MATERIAL PROVIDED
=== Begin Enclosure ===

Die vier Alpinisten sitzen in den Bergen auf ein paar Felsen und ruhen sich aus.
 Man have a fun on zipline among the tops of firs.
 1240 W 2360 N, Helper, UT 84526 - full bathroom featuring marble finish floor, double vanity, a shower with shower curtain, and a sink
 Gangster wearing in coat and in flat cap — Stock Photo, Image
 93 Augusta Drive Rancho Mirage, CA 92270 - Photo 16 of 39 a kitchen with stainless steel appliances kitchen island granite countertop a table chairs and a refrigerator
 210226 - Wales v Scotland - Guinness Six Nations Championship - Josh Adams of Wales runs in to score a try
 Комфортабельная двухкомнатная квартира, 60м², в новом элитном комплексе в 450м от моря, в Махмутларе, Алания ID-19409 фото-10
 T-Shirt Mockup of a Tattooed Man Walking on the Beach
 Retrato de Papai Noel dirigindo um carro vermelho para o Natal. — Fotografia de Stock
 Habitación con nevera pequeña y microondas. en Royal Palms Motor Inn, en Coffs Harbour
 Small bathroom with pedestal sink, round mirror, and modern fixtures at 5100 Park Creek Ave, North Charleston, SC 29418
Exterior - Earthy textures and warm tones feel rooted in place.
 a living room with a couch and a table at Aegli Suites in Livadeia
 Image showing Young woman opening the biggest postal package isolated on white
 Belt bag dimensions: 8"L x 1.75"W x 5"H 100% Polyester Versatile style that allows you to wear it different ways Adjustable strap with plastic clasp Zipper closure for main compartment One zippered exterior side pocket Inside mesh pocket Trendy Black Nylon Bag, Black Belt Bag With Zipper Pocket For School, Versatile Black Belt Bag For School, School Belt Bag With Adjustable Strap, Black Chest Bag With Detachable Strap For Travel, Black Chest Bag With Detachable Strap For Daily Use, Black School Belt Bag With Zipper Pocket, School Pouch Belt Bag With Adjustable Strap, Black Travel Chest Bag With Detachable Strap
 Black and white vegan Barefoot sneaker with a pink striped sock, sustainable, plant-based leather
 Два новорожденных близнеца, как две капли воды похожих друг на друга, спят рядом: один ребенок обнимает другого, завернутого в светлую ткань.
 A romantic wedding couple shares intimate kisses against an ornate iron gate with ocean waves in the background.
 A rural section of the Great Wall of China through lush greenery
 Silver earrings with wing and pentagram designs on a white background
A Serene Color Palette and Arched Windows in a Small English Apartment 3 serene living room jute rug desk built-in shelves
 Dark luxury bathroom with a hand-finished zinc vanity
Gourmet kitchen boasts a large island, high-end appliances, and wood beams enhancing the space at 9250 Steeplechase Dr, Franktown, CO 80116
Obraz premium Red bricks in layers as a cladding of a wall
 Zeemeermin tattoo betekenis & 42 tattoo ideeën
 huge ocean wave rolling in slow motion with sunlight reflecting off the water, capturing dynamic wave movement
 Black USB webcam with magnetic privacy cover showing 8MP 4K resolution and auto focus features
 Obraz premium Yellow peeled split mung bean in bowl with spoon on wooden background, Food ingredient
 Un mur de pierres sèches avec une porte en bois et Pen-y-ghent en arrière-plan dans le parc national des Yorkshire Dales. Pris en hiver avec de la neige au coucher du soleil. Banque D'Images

=== End Enclosure ===

TASK DETAILS
The data above should be reproduced in full, word for word.

SOLUTION FOR THIS PROBLEM
Die vier Alpinisten sitzen in den Bergen auf ein paar Felsen und ruhen sich aus.
 Man have a fun on zipline among the tops of firs.
 1240 W 2360 N, Helper, UT 84526 - full bathroom featuring marble finish floor, double vanity, a shower with shower curtain, and a sink
 Gangster wearing in coat and in flat cap — Stock Photo, Image
 93 Augusta Drive Rancho Mirage, CA 92270 - Photo 16 of 39 a kitchen with stainless steel appliances kitchen island granite countertop a table chairs and a refrigerator
 210226 - Wales v Scotland - Guinness Six Nations Championship - Josh Adams of Wales runs in to score a try
 Комфортабельная двухкомнатная квартира, 60м², в новом элитном комплексе в 450м от моря, в Махмутларе, Алания ID-19409 фото-10
 T-Shirt Mockup of a Tattooed Man Walking on the Beach
 Retrato de Papai Noel dirigindo um carro vermelho para o Natal. — Fotografia de Stock
 Habitación con nevera pequeña y microondas. en Royal Palms Motor Inn, en Coffs Harbour
 Small bathroom with pedestal sink, round mirror, and modern fixtures at 5100 Park Creek Ave, North Charleston, SC 29418
Exterior - Earthy textures and warm tones feel rooted in place.
 a living room with a couch and a table at Aegli Suites in Livadeia
 Image showing Young woman opening the biggest postal package isolated on white
 Belt bag dimensions: 8"L x 1.75"W x 5"H 100% Polyester Versatile style that allows you to wear it different ways Adjustable strap with plastic clasp Zipper closure for main compartment One zippered exterior side pocket Inside mesh pocket Trendy Black Nylon Bag, Black Belt Bag With Zipper Pocket For School, Versatile Black Belt Bag For School, School Belt Bag With Adjustable Strap, Black Chest Bag With Detachable Strap For Travel, Black Chest Bag With Detachable Strap For Daily Use, Black School Belt Bag With Zipper Pocket, School Pouch Belt Bag With Adjustable Strap, Black Travel Chest Bag With Detachable Strap
 Black and white vegan Barefoot sneaker with a pink striped sock, sustainable, plant-based leather
 Два новорожденных близнеца, как две капли воды похожих друг на друга, спят рядом: один ребенок обнимает другого, завернутого в светлую ткань.
 A romantic wedding couple shares intimate kisses against an ornate iron gate with ocean waves in the background.
 A rural section of the Great Wall of China through lush greenery
 Silver earrings with wing and pentagram designs on a white background
A Serene Color Palette and Arched Windows in a Small English Apartment 3 serene living room jute rug desk built-in shelves
 Dark luxury bathroom with a hand-finished zinc vanity
Gourmet kitchen boasts a large island, high-end appliances, and wood beams enhancing the space at 9250 Steeplechase Dr, Franktown, CO 80116
Obraz premium Red bricks in layers as a cladding of a wall
 Zeemeermin tattoo betekenis & 42 tattoo ideeën
 huge ocean wave rolling in slow motion with sunlight reflecting off the water, capturing dynamic wave movement
 Black USB webcam with magnetic privacy cover showing 8MP 4K resolution and auto focus features
 Obraz premium Yellow peeled split mung bean in bowl with spoon on wooden background, Food ingredient
 Un mur de pierres sèches avec une porte en bois et Pen-y-ghent en arrière-plan dans le parc national des Yorkshire Dales. Pris en hiver avec de la neige au coucher du soleil. Banque D'Images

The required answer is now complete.